The task >> The listing below is to be duplicated exactly, with every picture omitted.

Information provided >>
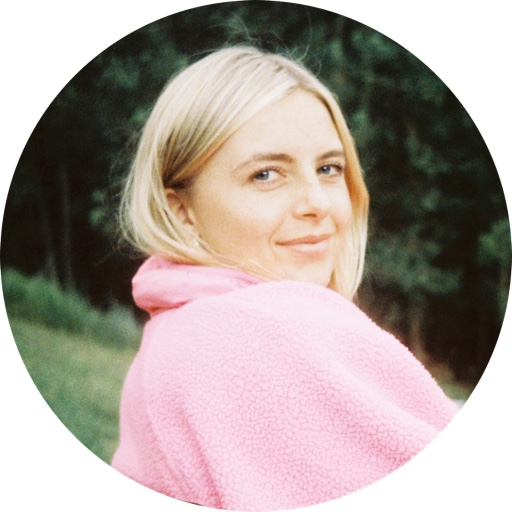 @rachelshelton on LTK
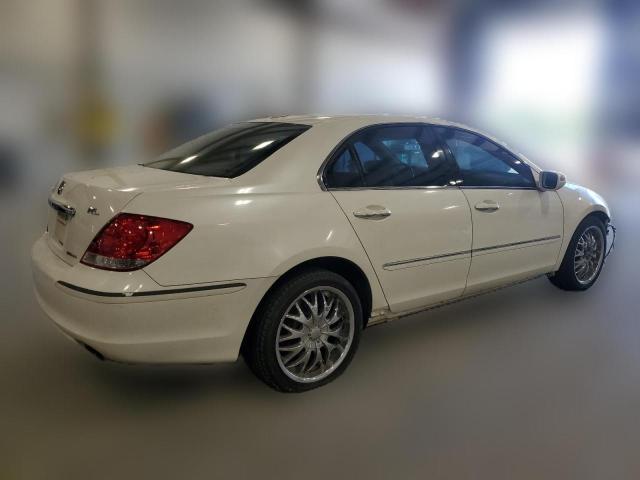 Photo 2 VIN: JH4KB16545C003919 - ACURA RL 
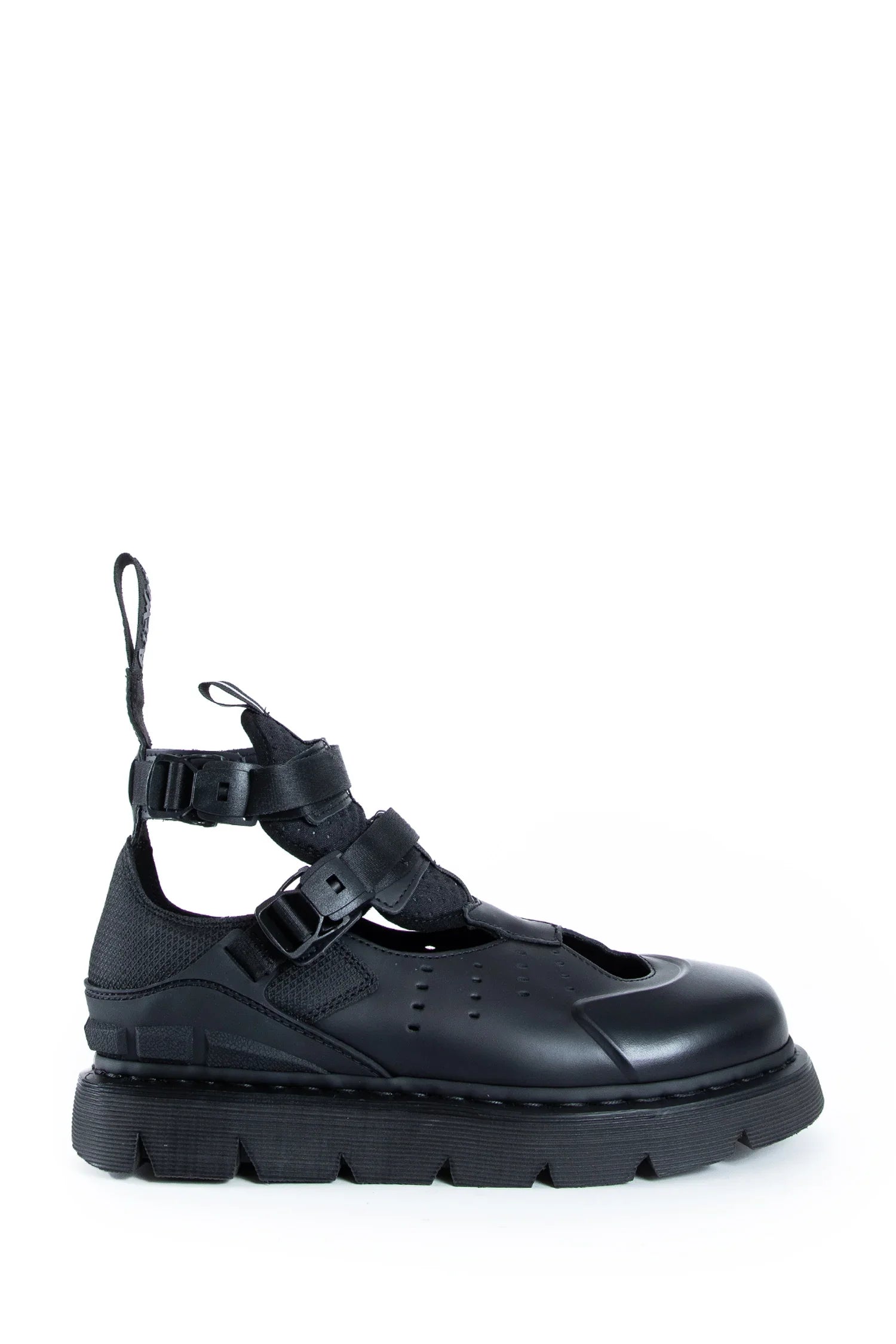 Vent XX01 Leather Gladiator Sandal - Antonioli.eu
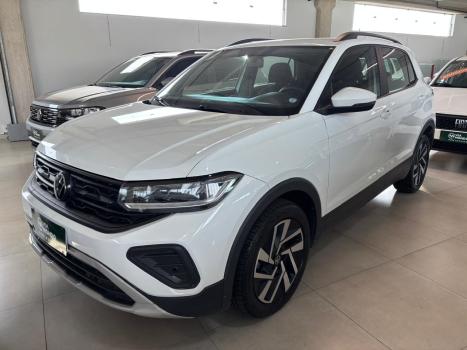 VOLKSWAGEN T-Cross 1.0 4P 200 TSI FLEX, Foto 1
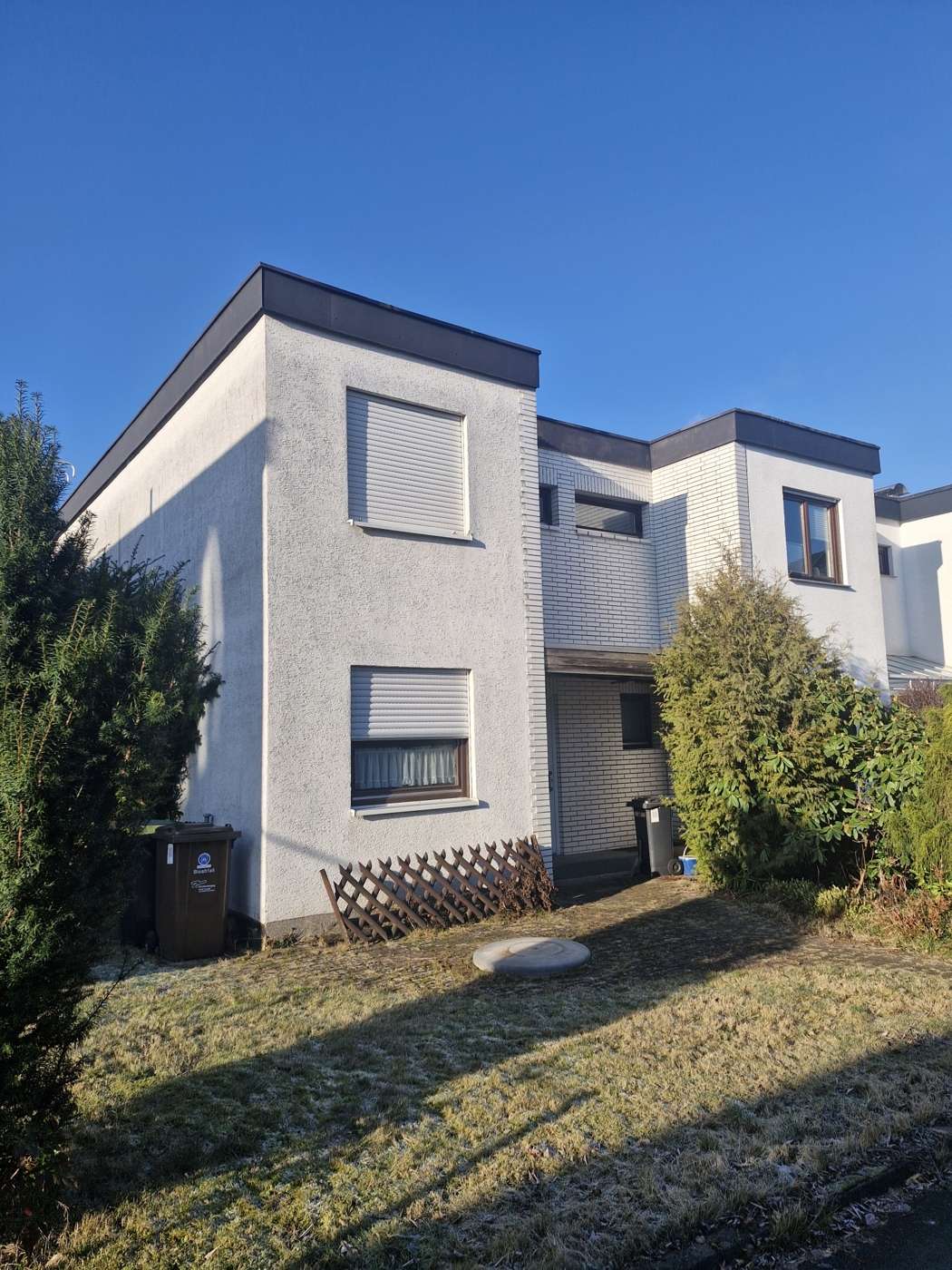 Thumbnail-Haus zum Kaufen in Fuldabrück Bergshausen 169.000,00 € 111 m²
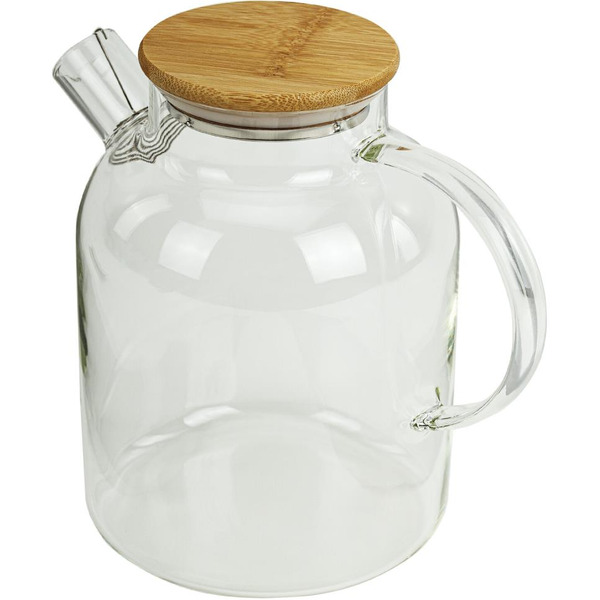 Заварочный чайник Daswerk Бочонок 608645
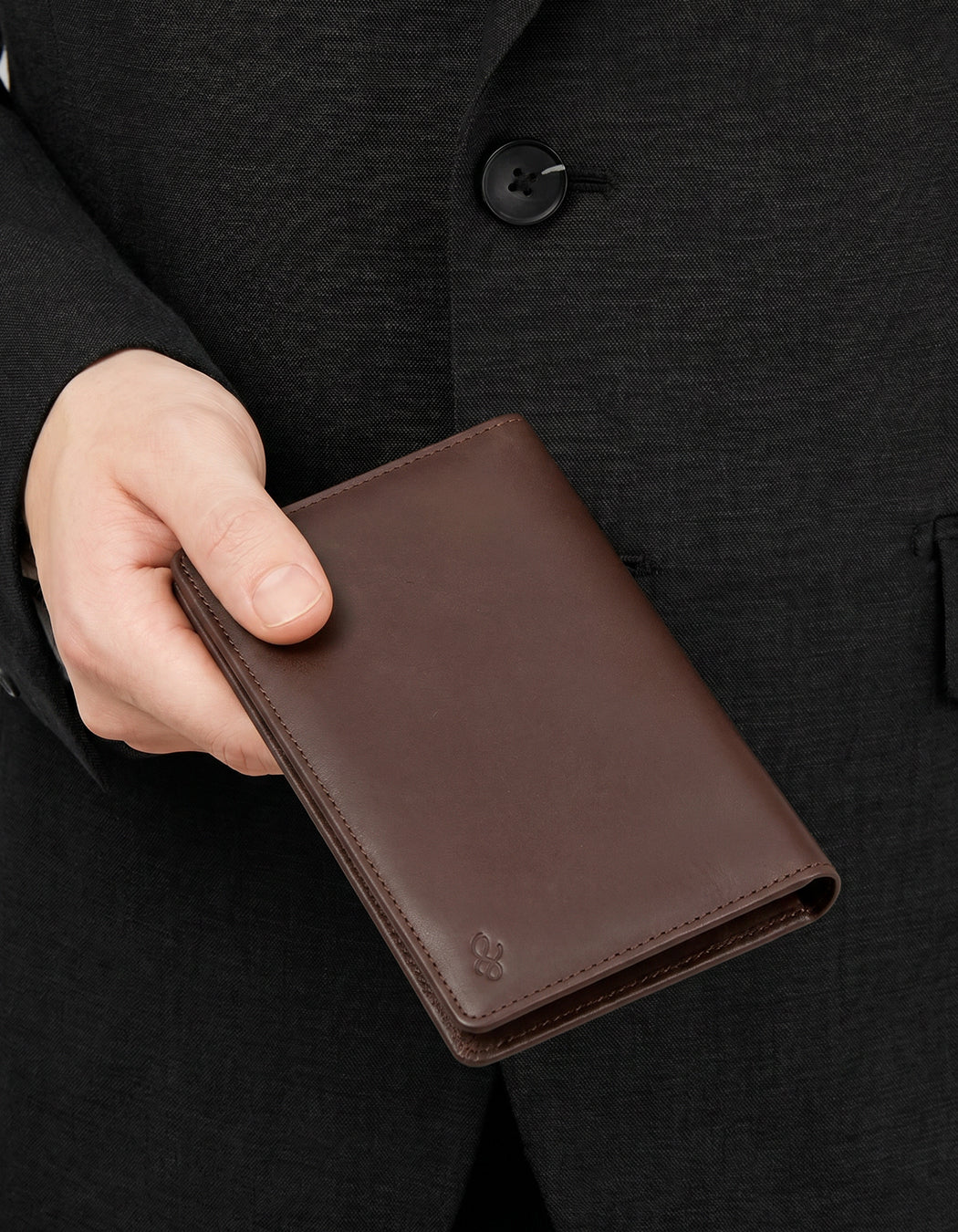 Image of Passport Holder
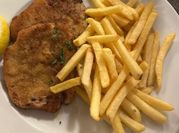 Una foto de cenas faciles
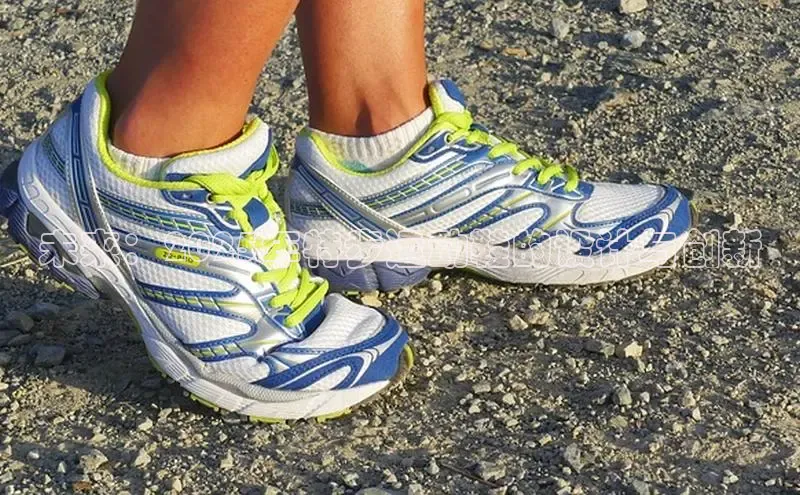 未来：2025年特步运动鞋的设计与创新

Exercise answer >>
 @rachelshelton on LTK
 Photo 2 VIN: JH4KB16545C003919 - ACURA RL 
 Vent XX01 Leather Gladiator Sandal - Antonioli.eu
 VOLKSWAGEN T-Cross 1.0 4P 200 TSI FLEX, Foto 1
 Thumbnail-Haus zum Kaufen in Fuldabrück Bergshausen 169.000,00 € 111 m²
 Заварочный чайник Daswerk Бочонок 608645
 Image of Passport Holder
 Una foto de cenas faciles
 未来：2025年特步运动鞋的设计与创新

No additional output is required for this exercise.